02/02/2026
Se ti sembra f***e, aspetta: correvano sopra la fabbrica.
Torino, Lingotto: maggio 1923.
Lo stabilimento viene inaugurato nel 1923, alla presenza del Re Vittorio Emanuele III.
E già qui capisci che non è un capannone qualunque.
Il progetto è di Giacomo Mattè Trucco.
Numeri secchi: 153.000 metri quadrati, distribuiti su cinque piani.
E sul tetto ci mettono una pista di prova.
Lunga 396 metri, a 60 metri d’altezza dal suolo.
Sì, sul tetto.
Una pista circolare in cemento armato, roba da ingegneria industriale del Novecento.
Non era un parco giochi.
Era “inaccessibile ai comuni mortali”, riservata ai collaudatori e ai tecnici Fiat.
E qui arriva il bello.
Le auto finite sotto venivano portate in ascensore fino al quinto piano, testate sulla pista aerea, poi rientravano nel flusso produttivo per eventuali correzioni.
Non un capriccio: ottimizzare il processo produttivo verticale.
Così riducevano i tempi di collaudo e tenevano la verifica qualità dentro il ciclo.
Comunque, non nasce dal nulla.
Il Lingotto è anche l’applicazione italiana dei metodi di produzione in catena di montaggio osservati dal Senatore Giovanni Agnelli negli stabilimenti Ford negli Stati Uniti.
Poi il tempo cambia tutto.
Quando la produzione automobilistica al Lingotto cessa nel 1982, quella pista resta come simbolo e viene trasformata in spazio per mostre, eventi e manifestazioni culturali.

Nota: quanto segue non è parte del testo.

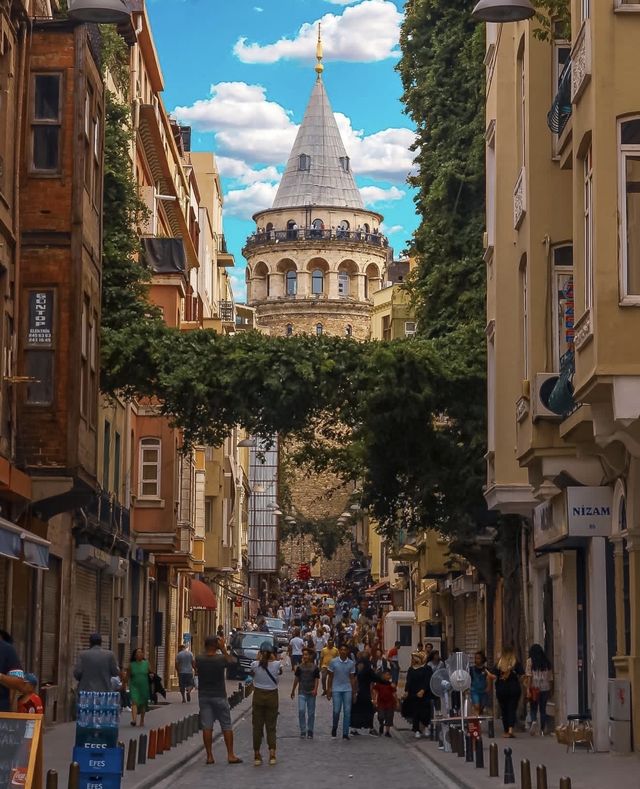 СТАМБУЛ ЗА 72 ЧАСА: Реально ли? 🇹🇷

Ieri correvi in tondo a 60 metri.
Oggi ci cammini: stessa struttura, altro secolo.
Il progresso non sempre scende a terra.
💁♂️ In breve
👉 Maggio 1923: Lingotto inaugurato a Torino (con Vittorio Emanuele III).
👉 Pista sul tetto: 396 m a 60 m d’altezza, in cemento armato.
👉 153.000 m² su cinque piani, progetto di Giacomo Mattè Trucco.
👉 Produzione finita nel 1982; poi pista riusata per mostre ed eventi.